**Exercise brief**
Records follow. Pull out every line that contains "Collar".

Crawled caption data
[Start of Attachment]
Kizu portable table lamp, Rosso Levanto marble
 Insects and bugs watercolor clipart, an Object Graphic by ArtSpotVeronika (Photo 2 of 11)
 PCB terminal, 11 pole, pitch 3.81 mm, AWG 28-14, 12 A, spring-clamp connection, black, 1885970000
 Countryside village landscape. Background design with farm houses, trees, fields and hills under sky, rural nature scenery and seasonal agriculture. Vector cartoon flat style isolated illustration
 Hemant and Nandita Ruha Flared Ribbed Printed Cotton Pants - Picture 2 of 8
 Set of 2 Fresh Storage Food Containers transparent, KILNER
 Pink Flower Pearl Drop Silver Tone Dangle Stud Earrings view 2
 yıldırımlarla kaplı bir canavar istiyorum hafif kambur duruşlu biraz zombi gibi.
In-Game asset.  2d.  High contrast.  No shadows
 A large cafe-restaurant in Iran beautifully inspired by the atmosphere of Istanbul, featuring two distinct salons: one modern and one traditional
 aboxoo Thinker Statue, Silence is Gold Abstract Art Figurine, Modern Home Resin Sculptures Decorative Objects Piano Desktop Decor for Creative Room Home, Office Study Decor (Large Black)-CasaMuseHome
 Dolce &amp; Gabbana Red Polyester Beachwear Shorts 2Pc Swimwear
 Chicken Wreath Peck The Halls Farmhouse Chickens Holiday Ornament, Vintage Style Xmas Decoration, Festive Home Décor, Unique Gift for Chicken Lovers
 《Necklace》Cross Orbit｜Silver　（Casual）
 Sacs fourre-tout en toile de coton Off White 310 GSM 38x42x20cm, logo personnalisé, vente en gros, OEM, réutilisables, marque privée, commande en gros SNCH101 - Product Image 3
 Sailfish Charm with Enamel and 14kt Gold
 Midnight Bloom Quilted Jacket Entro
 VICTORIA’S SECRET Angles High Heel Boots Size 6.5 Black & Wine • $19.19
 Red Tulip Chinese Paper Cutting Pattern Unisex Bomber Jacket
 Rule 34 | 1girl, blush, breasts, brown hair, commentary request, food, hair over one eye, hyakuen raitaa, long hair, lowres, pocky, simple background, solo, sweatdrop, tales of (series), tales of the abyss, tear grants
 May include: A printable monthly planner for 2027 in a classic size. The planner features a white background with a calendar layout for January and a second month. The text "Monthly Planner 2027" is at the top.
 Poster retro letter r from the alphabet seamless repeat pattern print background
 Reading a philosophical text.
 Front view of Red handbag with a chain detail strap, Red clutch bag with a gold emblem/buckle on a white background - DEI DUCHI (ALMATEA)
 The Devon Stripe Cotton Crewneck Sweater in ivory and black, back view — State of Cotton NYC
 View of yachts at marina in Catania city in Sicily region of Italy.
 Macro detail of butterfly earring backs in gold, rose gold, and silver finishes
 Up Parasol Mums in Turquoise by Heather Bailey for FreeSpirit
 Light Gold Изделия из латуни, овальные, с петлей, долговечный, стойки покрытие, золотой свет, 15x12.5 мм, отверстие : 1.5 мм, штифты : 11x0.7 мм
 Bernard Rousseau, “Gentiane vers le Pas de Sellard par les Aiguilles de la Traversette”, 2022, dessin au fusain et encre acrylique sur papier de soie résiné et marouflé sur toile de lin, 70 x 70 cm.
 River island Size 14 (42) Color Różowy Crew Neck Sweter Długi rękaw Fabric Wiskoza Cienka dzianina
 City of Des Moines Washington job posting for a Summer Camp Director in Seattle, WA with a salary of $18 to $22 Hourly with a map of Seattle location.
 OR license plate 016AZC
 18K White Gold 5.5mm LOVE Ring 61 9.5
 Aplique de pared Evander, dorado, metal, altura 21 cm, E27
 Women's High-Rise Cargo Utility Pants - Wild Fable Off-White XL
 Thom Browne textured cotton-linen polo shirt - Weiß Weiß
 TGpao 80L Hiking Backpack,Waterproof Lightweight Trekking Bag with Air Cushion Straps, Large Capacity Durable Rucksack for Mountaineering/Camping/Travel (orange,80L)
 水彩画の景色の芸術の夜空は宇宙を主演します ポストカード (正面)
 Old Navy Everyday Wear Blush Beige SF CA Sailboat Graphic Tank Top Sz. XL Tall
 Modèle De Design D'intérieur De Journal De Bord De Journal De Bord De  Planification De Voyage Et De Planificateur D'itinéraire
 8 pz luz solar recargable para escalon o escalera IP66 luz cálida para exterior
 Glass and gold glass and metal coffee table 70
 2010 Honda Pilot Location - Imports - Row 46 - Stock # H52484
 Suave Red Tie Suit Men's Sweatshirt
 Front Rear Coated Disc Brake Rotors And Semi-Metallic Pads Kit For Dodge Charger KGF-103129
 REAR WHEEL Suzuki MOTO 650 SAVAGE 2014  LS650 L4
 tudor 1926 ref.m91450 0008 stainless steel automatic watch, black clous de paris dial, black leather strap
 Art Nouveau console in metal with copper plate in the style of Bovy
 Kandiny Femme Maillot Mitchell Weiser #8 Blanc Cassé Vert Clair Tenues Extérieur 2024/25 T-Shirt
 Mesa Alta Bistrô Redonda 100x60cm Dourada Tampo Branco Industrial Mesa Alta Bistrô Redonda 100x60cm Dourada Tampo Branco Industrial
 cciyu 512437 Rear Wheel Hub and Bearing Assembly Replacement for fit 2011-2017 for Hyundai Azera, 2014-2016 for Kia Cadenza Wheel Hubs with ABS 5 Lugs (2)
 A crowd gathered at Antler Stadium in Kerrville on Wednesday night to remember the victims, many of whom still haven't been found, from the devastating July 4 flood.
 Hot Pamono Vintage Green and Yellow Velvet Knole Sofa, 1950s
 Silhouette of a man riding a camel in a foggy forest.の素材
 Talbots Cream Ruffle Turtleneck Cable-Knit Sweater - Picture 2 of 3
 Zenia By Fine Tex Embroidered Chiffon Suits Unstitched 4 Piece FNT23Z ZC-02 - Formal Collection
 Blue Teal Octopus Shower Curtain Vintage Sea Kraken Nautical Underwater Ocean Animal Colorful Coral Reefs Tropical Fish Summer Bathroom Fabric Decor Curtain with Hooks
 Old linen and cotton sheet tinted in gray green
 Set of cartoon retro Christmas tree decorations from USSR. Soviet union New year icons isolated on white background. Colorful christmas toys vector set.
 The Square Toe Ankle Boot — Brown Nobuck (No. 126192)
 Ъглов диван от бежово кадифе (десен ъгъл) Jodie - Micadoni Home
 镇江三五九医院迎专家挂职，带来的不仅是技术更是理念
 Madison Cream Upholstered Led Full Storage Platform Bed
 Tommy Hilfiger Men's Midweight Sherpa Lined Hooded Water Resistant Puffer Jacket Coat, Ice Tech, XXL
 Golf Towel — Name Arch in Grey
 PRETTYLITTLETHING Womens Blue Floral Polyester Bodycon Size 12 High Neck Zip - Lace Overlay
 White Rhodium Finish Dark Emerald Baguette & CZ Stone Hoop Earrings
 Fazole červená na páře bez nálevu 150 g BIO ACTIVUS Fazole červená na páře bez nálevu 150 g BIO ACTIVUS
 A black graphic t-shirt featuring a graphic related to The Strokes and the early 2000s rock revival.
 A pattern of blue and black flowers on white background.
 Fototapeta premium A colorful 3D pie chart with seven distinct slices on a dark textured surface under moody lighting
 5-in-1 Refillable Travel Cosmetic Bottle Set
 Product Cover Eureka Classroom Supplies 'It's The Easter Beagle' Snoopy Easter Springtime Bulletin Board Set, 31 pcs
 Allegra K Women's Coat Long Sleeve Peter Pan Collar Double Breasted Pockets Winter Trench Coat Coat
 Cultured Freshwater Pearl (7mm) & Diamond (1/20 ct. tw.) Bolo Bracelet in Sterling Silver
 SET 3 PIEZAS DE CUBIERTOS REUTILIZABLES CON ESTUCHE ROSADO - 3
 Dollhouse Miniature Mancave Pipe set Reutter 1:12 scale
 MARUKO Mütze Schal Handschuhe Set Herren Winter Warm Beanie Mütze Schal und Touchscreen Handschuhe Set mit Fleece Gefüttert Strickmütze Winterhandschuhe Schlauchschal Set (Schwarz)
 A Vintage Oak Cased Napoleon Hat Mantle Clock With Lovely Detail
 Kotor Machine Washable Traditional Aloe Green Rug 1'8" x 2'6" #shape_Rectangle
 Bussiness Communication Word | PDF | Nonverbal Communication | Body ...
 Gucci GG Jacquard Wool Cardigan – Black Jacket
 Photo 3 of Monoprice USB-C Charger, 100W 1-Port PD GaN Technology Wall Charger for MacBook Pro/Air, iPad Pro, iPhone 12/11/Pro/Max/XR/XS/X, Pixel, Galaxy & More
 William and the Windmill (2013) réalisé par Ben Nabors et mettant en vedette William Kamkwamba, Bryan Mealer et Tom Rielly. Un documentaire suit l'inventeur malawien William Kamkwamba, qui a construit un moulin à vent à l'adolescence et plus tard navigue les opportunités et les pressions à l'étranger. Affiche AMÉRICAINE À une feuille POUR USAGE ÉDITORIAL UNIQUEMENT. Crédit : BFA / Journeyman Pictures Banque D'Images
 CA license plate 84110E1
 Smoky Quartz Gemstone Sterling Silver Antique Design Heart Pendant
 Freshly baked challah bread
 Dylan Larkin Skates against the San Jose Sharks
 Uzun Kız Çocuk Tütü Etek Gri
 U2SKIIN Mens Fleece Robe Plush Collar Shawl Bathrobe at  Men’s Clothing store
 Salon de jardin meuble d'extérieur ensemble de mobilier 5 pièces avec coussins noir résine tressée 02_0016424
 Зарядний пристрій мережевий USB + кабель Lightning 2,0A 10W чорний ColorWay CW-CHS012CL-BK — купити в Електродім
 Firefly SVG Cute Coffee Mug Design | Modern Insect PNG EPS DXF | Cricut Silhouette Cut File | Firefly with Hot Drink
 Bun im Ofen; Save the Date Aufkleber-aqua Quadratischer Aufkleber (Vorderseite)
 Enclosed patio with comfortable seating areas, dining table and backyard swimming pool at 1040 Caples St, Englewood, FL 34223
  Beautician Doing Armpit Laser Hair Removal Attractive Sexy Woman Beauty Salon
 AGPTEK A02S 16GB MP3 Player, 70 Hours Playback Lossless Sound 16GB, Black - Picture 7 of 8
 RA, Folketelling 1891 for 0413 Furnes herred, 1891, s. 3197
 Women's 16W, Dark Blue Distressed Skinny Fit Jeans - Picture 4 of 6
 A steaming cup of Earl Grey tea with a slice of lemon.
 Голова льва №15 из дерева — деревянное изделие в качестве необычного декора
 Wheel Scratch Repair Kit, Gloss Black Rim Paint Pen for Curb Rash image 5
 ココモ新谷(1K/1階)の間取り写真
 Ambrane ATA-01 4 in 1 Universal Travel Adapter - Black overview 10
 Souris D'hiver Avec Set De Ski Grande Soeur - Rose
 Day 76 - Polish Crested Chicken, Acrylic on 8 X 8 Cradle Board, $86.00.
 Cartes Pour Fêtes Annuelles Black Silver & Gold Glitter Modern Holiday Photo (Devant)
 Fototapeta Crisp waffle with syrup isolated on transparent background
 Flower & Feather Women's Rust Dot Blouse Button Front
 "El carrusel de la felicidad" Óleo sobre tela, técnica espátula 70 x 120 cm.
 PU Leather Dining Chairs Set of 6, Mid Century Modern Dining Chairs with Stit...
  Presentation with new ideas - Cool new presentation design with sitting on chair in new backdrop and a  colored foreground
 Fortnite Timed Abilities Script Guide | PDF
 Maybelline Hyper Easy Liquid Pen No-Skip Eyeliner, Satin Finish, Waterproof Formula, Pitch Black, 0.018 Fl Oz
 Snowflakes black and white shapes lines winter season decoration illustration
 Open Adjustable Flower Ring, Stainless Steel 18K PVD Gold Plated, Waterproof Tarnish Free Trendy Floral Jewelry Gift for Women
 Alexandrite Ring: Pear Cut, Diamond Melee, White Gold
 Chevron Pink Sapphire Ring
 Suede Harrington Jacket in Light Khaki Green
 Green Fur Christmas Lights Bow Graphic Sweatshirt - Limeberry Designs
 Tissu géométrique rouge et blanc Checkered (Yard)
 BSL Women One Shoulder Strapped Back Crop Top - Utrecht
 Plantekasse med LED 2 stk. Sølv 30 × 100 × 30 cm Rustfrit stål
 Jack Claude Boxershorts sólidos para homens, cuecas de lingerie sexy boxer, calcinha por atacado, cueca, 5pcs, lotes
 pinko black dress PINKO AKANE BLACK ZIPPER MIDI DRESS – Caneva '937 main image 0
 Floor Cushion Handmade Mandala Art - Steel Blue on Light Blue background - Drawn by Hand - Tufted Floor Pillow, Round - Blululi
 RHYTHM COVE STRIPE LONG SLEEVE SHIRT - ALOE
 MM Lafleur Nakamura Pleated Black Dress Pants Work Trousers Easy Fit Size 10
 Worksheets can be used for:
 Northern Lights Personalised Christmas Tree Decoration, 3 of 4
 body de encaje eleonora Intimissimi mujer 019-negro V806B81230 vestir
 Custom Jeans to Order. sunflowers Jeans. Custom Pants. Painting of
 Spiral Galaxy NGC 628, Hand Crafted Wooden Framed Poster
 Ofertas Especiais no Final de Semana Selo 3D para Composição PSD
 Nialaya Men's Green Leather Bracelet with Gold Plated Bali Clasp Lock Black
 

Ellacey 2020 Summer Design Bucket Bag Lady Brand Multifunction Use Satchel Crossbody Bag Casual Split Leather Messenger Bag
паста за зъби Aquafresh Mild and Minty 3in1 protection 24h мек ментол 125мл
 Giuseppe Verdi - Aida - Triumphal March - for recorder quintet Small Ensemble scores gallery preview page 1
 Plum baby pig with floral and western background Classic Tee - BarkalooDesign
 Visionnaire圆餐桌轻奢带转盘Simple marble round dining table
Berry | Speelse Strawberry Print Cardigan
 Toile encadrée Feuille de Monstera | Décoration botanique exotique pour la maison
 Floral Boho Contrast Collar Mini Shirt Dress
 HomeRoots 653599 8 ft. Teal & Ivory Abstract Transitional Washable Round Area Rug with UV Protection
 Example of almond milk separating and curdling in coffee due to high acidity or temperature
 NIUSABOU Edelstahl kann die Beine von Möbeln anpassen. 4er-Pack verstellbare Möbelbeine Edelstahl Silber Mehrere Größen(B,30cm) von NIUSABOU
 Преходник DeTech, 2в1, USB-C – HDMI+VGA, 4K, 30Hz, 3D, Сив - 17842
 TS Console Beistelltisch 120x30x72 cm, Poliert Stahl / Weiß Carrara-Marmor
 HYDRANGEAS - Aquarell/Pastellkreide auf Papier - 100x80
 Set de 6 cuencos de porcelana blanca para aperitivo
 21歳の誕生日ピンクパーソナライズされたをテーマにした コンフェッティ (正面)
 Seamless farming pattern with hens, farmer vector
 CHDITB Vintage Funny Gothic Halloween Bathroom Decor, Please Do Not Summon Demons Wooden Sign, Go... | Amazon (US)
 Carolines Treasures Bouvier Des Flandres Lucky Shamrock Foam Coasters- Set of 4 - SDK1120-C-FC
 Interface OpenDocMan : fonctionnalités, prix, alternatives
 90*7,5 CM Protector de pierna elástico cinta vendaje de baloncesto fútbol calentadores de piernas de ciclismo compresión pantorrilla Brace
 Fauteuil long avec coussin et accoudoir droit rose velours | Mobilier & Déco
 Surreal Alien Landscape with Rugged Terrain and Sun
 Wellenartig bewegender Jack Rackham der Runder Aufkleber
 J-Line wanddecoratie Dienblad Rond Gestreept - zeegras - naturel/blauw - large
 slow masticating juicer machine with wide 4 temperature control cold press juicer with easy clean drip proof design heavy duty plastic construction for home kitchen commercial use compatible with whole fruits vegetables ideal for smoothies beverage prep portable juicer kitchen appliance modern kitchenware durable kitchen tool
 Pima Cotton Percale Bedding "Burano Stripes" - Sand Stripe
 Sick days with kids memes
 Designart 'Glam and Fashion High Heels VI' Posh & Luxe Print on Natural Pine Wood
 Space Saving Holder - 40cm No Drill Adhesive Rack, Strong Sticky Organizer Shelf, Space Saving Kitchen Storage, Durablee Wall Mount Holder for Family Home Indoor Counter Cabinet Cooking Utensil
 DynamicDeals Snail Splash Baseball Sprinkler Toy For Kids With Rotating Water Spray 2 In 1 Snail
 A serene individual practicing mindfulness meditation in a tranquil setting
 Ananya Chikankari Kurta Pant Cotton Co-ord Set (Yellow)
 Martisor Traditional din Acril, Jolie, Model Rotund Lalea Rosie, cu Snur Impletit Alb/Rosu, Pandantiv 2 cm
[End of Attachment]
**Answer to this exercise**
 Allegra K Women's Coat Long Sleeve Peter Pan Collar Double Breasted Pockets Winter Trench Coat Coat
 U2SKIIN Mens Fleece Robe Plush Collar Shawl Bathrobe at  Men’s Clothing store
 Floral Boho Contrast Collar Mini Shirt Dress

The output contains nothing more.